# WICHTIG!! welcher helm



## siggi19 (17. Oktober 2008)

hey leute,

nachdem ich mir das derzeit letzte vin im kochikoch anschaute habe ich mir überlegt defenetiv einen helm zuzulegen
so nun zu ner frage welchen helm sollte ich nehmen denn da bin ich nicht so versiert, habe andere prioritäten gesetzt bis jetzt.

also er soltle stabil sein selbstredend, desweiteren nicht so ein normaler helm sondern eher so ein halbschalen ding wie der jan sie HIER hat.
und schön wäre es wirklich wenn er rot oder so wäre.

ach ja meine birnengröße liegt so zwischen 56 und 57 cm.

gruß siggi

und bitte kommt net mit der SuFu, dazu ist mri das Thema nun zu wichtig.


----------



## Velpke-Trial07 (17. Oktober 2008)

ich fahre den Try-all Nuc in Weiss S-M


----------



## MTB-News.de




----------



## siggi19 (17. Oktober 2008)

ist dein kopfumfang den in etwa so wie meiner?

und wie ist er so? also von der stabilität etc her
habe mir auch überlegt den zu holen, nur in schwarz.


----------



## tha_joe (17. Oktober 2008)

Ich fahre nen TSG. Aber ich würde dir mittlerweile zu nem normalen Fahrradhelm raten. Ich finde es einfach super unangenehm, wenn sich die dicke Polsterung bei den Halbschalen beim fahren vollsaugt mir dem Schweiß, der sich halt nicht vermeiden lässt. Und dann sifft der Helm so vor sich ihn. 
Normale Fahrradhelme habe eine dünnere Polsterung.


----------



## feltzer (17. Oktober 2008)

siggi19 schrieb:


> hey leute,
> 
> nachdem ich mir das derzeit letzte vin im kochikoch anschaute habe ich mir überlegt defenetiv einen helm zuzulegen
> so nun zu ner frage welchen helm sollte ich nehmen denn da bin ich nicht so versiert, habe andere prioritäten gesetzt bis jetzt.
> ...



dann habe ich dich auf den richtigen Weg der Macht geführt, junger Padawan.


----------



## KermitB4 (17. Oktober 2008)

Ich fahre auch einen normalen Bike-Helm, weil der einfach besser belüftet ist.

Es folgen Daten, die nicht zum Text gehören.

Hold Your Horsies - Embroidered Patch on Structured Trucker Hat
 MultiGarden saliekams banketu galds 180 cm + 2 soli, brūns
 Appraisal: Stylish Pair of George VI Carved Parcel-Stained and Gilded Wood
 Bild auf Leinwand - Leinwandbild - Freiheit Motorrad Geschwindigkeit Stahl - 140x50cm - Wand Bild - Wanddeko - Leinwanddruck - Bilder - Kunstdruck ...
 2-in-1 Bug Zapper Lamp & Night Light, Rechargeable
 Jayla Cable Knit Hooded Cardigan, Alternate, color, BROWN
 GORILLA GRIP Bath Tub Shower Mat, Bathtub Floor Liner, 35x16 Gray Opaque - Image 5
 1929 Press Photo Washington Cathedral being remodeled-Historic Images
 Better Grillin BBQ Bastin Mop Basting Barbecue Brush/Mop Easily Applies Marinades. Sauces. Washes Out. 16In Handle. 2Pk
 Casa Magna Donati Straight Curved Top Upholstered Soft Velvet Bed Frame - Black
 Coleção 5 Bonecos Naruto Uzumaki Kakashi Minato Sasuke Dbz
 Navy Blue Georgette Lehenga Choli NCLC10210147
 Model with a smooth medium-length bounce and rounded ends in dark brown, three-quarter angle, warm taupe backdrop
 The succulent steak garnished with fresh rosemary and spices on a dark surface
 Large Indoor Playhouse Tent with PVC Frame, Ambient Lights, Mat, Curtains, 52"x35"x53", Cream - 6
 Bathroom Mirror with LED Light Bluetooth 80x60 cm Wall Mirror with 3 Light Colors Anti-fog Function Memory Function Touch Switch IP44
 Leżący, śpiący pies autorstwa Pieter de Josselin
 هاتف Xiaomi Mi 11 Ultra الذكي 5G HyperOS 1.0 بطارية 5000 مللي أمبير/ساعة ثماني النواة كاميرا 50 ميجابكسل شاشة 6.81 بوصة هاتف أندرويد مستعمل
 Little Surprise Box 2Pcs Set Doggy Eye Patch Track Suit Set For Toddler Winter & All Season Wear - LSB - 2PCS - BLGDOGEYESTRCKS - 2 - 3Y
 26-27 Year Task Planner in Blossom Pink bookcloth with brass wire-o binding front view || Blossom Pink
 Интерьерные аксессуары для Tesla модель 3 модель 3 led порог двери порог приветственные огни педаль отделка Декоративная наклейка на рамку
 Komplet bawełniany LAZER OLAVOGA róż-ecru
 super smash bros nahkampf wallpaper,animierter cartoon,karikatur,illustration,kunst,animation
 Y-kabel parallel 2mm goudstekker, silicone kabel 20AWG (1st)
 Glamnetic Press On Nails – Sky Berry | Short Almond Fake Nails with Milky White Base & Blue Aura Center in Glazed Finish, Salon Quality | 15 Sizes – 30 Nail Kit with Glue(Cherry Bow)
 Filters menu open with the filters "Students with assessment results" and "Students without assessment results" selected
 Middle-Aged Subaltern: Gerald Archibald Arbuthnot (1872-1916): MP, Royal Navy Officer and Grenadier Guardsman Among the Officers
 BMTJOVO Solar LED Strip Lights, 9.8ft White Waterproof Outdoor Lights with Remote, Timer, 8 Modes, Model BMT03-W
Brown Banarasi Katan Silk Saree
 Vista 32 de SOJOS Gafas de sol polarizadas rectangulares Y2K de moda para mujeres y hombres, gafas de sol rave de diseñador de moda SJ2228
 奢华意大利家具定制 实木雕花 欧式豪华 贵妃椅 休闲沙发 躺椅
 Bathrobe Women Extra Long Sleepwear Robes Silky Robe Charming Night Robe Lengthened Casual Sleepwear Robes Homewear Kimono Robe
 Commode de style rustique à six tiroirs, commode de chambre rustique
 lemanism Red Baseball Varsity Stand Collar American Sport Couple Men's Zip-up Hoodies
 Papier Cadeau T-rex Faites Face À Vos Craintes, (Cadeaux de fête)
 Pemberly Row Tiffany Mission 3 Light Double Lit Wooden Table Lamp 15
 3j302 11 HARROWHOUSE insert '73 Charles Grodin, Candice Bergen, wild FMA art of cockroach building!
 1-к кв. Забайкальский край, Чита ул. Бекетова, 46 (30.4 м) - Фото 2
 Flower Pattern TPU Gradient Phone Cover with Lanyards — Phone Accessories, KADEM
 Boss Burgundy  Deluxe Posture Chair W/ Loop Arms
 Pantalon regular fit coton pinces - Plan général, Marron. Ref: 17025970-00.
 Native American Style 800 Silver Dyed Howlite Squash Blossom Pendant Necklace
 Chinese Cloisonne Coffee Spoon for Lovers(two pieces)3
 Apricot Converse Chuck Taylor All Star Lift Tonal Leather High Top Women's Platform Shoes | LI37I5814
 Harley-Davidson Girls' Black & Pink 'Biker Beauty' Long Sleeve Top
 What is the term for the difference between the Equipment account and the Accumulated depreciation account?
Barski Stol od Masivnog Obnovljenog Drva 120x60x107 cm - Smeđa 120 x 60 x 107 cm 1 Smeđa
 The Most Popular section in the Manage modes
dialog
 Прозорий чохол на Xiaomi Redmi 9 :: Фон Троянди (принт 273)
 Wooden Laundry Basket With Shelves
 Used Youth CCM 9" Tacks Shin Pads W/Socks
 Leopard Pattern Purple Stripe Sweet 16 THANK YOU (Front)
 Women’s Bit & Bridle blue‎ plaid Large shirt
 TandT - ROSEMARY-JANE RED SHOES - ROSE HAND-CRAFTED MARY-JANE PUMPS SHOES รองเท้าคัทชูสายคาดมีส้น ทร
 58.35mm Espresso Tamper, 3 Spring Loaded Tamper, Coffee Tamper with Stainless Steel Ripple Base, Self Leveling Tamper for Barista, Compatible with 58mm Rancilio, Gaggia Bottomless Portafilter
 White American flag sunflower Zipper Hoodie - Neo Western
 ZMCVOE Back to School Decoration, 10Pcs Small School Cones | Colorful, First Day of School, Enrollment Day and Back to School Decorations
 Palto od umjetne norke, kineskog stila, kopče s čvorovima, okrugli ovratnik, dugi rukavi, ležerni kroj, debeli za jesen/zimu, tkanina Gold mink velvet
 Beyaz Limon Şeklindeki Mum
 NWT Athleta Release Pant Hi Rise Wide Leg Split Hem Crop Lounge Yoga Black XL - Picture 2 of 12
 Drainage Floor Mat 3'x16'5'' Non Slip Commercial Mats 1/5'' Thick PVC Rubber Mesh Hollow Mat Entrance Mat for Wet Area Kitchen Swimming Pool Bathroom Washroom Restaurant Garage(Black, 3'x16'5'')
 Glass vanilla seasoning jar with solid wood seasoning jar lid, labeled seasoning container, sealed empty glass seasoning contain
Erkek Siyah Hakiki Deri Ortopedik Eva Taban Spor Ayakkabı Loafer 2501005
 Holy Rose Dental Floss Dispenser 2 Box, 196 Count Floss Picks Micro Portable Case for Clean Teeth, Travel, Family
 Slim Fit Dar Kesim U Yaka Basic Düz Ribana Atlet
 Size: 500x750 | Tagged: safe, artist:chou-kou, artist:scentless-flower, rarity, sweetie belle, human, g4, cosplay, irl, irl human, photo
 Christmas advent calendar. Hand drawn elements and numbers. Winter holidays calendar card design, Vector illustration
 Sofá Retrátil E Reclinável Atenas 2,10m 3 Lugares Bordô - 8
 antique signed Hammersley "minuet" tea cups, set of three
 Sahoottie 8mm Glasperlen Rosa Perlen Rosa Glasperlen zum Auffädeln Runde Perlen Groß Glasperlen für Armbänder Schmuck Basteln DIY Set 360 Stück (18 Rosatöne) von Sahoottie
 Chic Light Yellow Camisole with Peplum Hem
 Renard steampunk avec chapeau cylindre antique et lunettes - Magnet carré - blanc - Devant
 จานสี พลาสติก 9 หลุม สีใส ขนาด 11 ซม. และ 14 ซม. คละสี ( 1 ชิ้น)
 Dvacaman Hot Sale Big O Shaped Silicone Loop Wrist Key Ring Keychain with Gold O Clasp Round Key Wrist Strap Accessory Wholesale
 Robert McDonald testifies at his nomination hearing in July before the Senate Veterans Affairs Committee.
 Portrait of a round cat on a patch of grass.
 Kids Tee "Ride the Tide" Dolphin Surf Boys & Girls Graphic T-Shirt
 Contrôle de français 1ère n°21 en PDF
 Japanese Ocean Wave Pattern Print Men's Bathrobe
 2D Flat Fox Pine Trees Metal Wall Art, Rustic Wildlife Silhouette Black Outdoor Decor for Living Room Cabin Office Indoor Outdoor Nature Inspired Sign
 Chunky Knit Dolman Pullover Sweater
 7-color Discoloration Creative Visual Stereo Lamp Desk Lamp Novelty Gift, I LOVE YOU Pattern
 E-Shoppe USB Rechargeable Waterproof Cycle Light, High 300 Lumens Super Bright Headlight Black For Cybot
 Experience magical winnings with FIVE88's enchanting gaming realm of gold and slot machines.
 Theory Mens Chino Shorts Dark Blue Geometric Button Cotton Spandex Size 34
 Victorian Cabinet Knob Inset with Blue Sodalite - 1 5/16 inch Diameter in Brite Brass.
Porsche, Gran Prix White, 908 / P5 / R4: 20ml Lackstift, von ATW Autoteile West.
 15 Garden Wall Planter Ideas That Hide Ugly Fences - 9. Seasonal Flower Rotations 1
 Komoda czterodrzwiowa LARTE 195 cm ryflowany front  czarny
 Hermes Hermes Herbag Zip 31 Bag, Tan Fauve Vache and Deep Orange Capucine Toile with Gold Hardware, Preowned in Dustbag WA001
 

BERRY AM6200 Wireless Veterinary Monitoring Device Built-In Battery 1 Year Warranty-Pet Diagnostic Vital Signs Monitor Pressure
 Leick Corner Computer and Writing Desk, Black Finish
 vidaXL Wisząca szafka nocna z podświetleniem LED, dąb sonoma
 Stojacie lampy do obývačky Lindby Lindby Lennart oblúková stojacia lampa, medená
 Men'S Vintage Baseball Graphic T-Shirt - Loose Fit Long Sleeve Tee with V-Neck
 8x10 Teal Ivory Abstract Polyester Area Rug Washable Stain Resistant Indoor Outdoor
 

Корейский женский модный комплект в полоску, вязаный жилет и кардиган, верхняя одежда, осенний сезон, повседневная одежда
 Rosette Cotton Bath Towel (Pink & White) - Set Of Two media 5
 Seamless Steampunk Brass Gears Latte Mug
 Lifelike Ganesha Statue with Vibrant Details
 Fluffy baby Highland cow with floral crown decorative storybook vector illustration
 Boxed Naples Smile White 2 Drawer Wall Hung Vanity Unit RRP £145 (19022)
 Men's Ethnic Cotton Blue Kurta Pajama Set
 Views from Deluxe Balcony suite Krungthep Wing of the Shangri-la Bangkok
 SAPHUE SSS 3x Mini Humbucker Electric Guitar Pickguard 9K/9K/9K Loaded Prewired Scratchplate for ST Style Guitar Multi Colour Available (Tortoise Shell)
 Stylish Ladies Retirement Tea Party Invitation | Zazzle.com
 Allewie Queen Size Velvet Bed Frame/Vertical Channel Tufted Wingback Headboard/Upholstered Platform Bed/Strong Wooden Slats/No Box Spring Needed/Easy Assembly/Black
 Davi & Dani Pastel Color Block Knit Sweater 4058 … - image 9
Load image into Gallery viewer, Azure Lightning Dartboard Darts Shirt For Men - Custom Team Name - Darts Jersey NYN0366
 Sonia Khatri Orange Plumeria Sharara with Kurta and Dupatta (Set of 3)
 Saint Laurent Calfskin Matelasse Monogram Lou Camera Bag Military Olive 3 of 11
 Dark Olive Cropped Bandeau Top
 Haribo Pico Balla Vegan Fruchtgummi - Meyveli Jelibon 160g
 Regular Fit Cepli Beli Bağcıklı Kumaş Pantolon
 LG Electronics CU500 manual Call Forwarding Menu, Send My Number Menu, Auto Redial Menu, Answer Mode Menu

Das Polster vorne an der Stirn habe ich rausgemacht und lege da immer ein zusammengefaltetetes Tempo rein, weil das einfach hygienischer ist und man keine Pickel bekommt von der Bakterienkolonie die sich da ansammelt.

MFG


----------



## Eisbein (17. Oktober 2008)

bin jetzt nen bell faction gefahren und bin zur zeit aus geld mangel mit meinem Multifunktions skihelm unterwegs. 

Auch ne halbschale, aber wirklich belüftet ist der nicht.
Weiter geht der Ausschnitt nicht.